*** Opening DATA RECORDS ***

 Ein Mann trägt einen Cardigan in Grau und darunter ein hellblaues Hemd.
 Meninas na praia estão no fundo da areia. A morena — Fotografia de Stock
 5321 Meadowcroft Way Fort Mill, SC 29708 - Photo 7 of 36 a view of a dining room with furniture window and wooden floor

*** Closing DATA RECORDS ***
*** Opening DATA RECORDS ***

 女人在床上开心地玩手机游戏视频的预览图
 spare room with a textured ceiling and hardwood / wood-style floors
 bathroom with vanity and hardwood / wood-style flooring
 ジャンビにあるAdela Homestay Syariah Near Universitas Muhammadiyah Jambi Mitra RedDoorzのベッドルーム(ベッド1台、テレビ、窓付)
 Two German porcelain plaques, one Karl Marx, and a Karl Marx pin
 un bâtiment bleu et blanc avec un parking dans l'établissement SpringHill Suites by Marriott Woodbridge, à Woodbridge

*** Closing DATA RECORDS ***
*** Opening DATA RECORDS ***

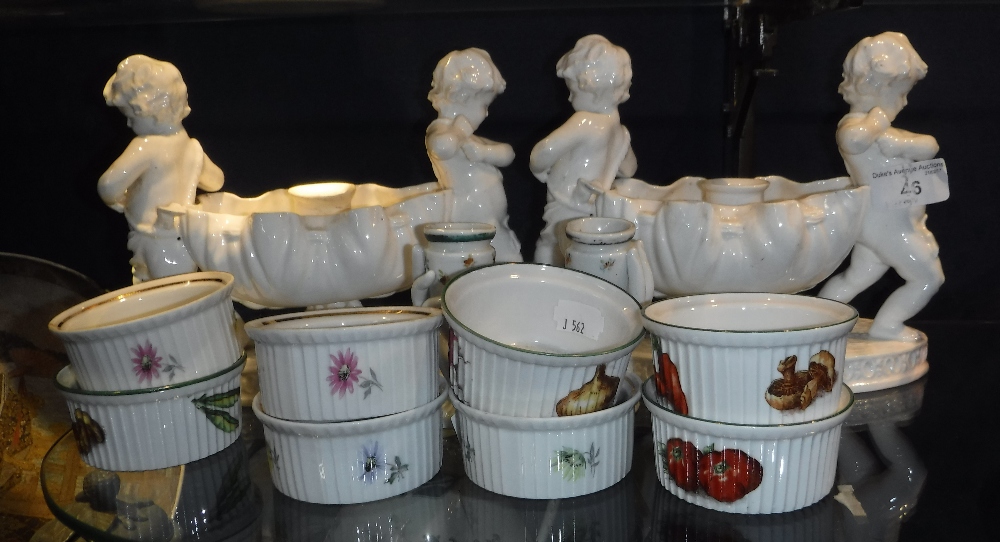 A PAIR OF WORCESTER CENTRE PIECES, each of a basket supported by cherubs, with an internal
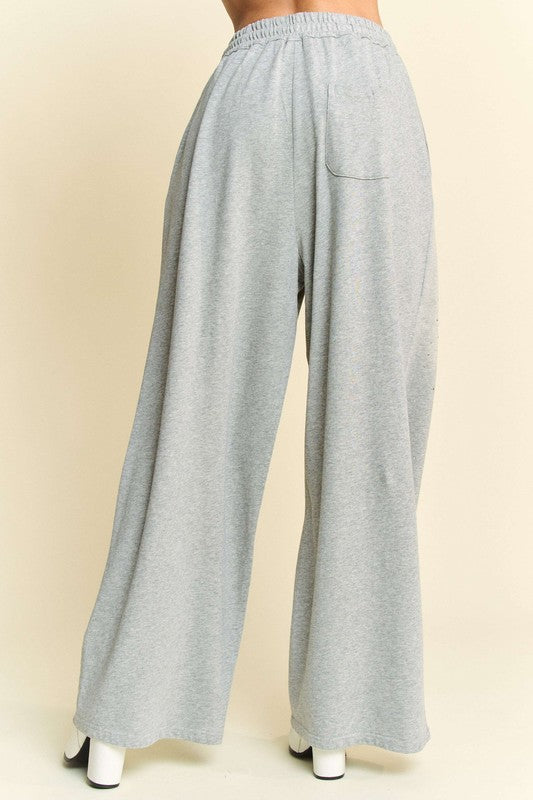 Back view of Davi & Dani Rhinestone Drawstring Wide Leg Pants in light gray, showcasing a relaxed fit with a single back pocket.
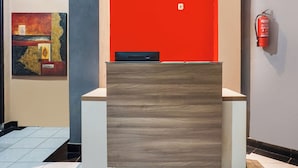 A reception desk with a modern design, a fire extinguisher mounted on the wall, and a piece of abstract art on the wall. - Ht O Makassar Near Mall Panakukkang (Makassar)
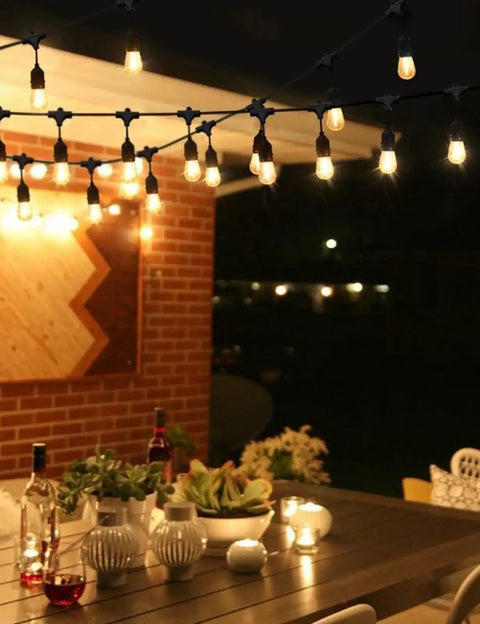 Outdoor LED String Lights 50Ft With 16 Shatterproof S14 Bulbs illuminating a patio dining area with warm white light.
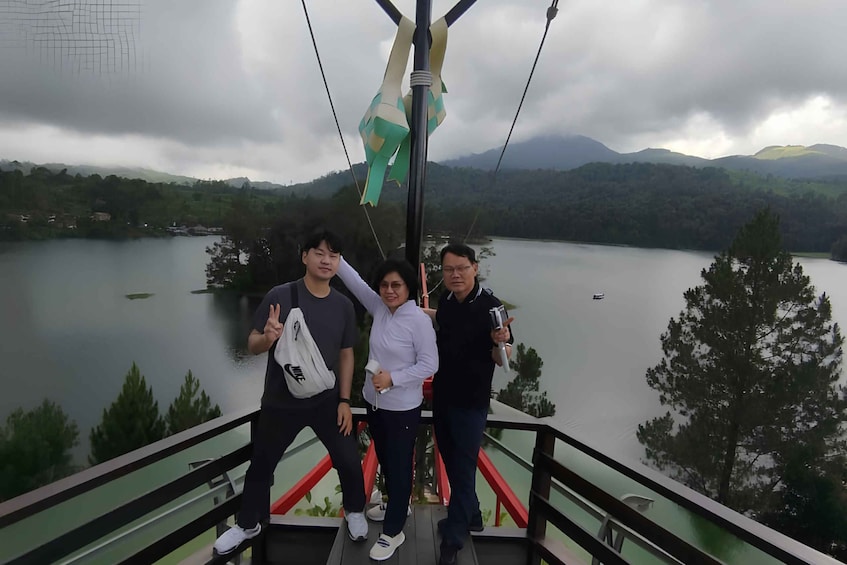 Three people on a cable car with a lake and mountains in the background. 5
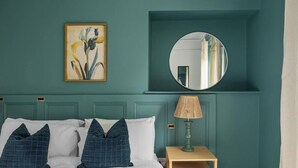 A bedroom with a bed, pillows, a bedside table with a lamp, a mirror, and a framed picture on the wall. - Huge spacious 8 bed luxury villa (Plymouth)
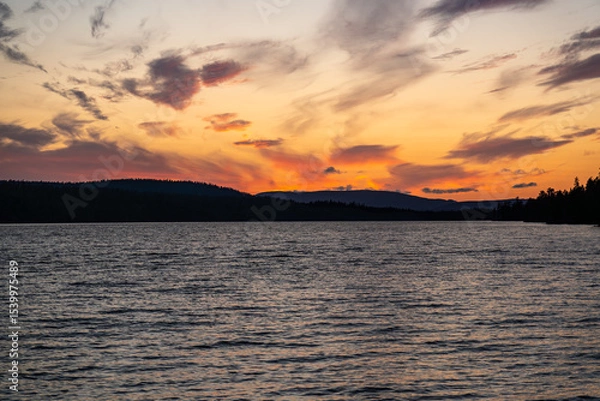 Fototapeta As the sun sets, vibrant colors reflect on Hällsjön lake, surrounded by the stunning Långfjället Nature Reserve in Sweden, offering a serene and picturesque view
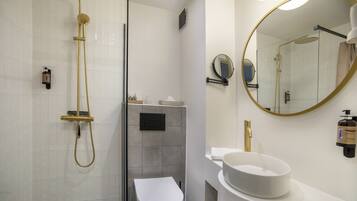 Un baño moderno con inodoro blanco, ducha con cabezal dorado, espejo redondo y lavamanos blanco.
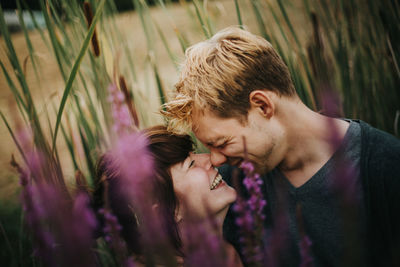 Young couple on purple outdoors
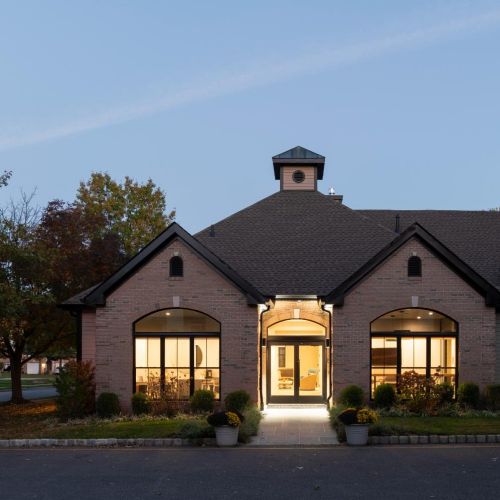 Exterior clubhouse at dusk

*** Closing DATA RECORDS ***

ASSIGNMENT:
Print the lines above from the one with "spare room with" through the one with "un bâtiment bleu", both included, exactly as written and nothing more.

TASK ANSWER:
 spare room with a textured ceiling and hardwood / wood-style floors
 bathroom with vanity and hardwood / wood-style flooring
 ジャンビにあるAdela Homestay Syariah Near Universitas Muhammadiyah Jambi Mitra RedDoorzのベッドルーム(ベッド1台、テレビ、窓付)
 Two German porcelain plaques, one Karl Marx, and a Karl Marx pin
 un bâtiment bleu et blanc avec un parking dans l'établissement SpringHill Suites by Marriott Woodbridge, à Woodbridge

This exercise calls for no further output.